At a broad political and philosophical level, the draft direct taxes code unveiled last fortnight by Pranab Mukherjee and P Chidambaram has many interesting dimensions. Just imagine the political capital the UPA government will reap among Indias growing middle classes once the direct taxes code replaces the present Income Tax Act in 2011.
Of Indias individual taxpayers, 97% will be charged income tax at only 10%. The new code levies only 10% income tax for a taxable income of up to Rs 10 lakh. Only the remaining 3% of taxpayers fall in the higher taxable income slabs of beyond Rs 10 lakh. The rates for these are prescribed at 20% for up to Rs 25 lakh income and 30% beyond it. We are told these slabs may even be indexed to inflation so that not many changes to income-tax rates be made for a long time. In a sense, one may only see expenditure budgets in the future as there will be no tax rate or exemptions to tinker with!
If the direct taxes code is implemented in its present form, the budget of 2011-12 will be as much of a dream budget as the one in 1997, at least for individual taxpayers. The UPA will bag the political dividends this will generate in the 2013 general elections. This should certainly worry the main opposition party which is currently undergoing a bloodbath over Indias pre-independence history.
The proposed direct taxes code seeks to lower the rates while doing away with exemptions at both the individual and corporate levels. At a broad philosophical level, the new income tax code is also an invitation to the rapidly rising class of individual traders, shopkeepers and small businessmen to come clean and declare their income at effective tax rates of 10% to 15%. This is what is expected to widen the tax net hugely and increase compliance.
The incentive to small businessmen to come into the income-tax net will be further strengthened by a transparent goods and services tax (GST) regime which will seek to capture all businesses along the value chain with a clean one-time indirect tax to be shared by the state and Centre.
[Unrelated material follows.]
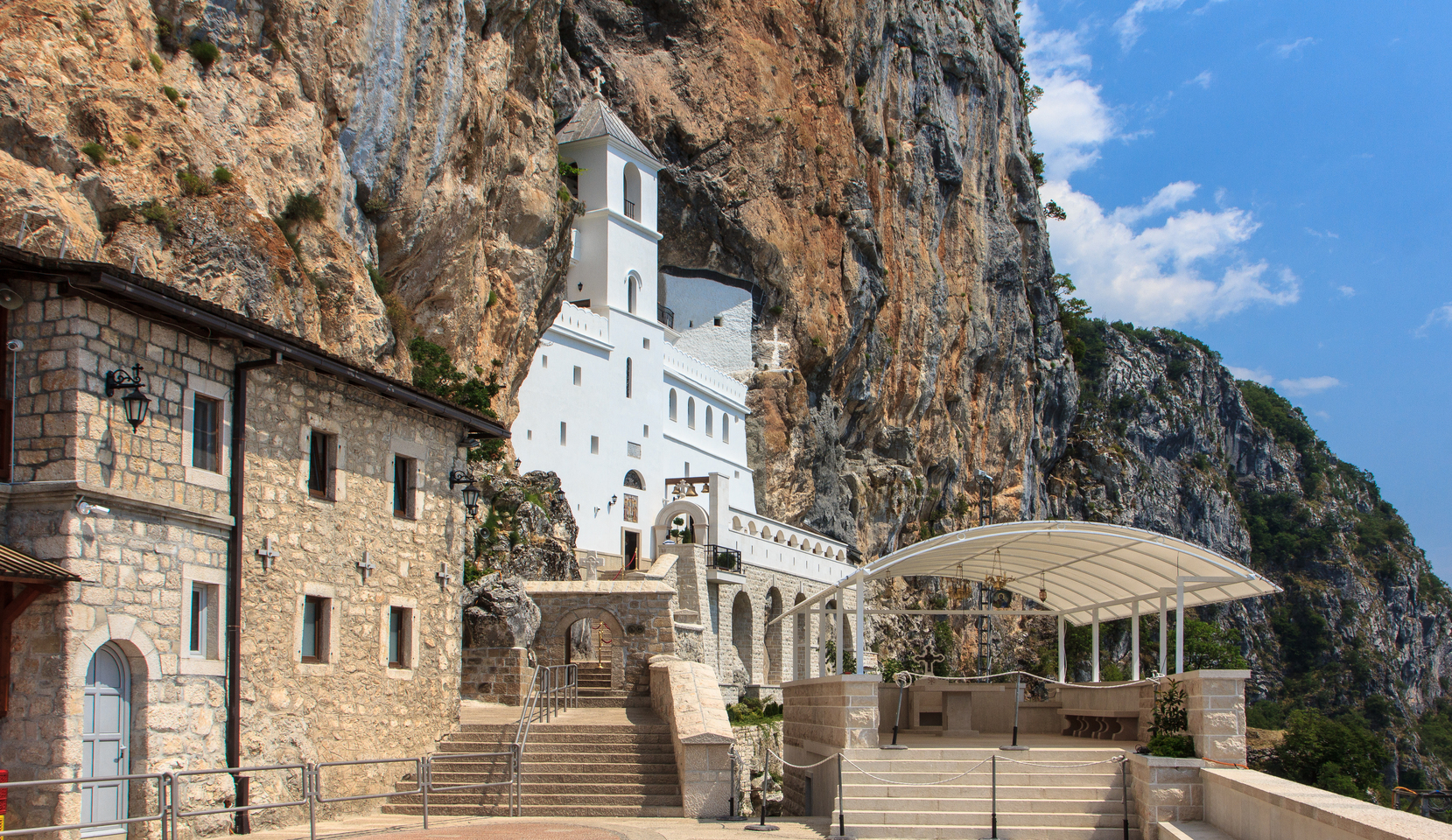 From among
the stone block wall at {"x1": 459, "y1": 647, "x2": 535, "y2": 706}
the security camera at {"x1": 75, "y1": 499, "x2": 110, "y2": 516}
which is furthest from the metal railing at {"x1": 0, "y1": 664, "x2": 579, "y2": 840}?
the security camera at {"x1": 75, "y1": 499, "x2": 110, "y2": 516}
In a sense, the direct taxes code has to work in tandem with a GST regime which will ensure a large number of small businesses come into the income tax net. So the GST should actually result in a major widening of the income-tax net.
For instance, a small contractor in the construction space, with an annual taxable income of Rs 15 lakh, may be avoiding paying income tax because he buys most of his materials without official billing to avoid cascading local taxes. But with a simple and transparent one-time levy of GST the contractor may bring his activity into the official channel and also pay the new effective tax of around 12.5% on his income.
This is precisely what the direct taxes code and the GST are betting on. At a political and philosophical level, both these frameworks actually attempt to correct the historical tax bias in favour of the capital-intensive big businesses. In the last few decades of the exemption raj, most big businesses hardly paid any tax as they kept availing of accelerated depreciation and other tax holidays provided to drive investments. This can be established by just looking the number of companies that pay just the minimum alternate tax (MAT).
On the other hand, largely labour-intensive small manufacturers, who obviously did not enjoy these exemptions, paid much higher income tax. The income-tax policy, in general, was weighted a lot more in favour of big businesses.
The new direct taxes code seeks to correct this imbalance with two clear strategies. One, it intends to phase out all tax holiday regimes, mostly used by capital-intensive big industry, by grandfathering them till they phase out. Second, these businesses will have to pay a MAT of 2% of the gross assets as shown in their balance sheets, if they do not have taxable profits.
There is maximum protest over this provision coming from reputed law firms who mostly represent the interests of big business. They are describing this as a sort of wealth tax being introduced through the backdoor. The authors of the new code argue that this is a sort of efficiency tax which ensures that businesses flog their assets optimally. For instance, in the real estate space, companies are known to accumulate land banks and wait for these to appreciate before building on them.
A 2% tax on the vacant land will force the real estate company to build faster. So goes the logic for levying the 2% tax on gross assets in lieu of MAT. Apparently this has been tried in other countries successfully, though the rate may be lower.
Overall, the new tax code and GST recognise that Indias business landscape today is very different from what it was twenty years ago. Small businesses will increasingly become the backbone of the growth process and tax policy must remove the bias against them.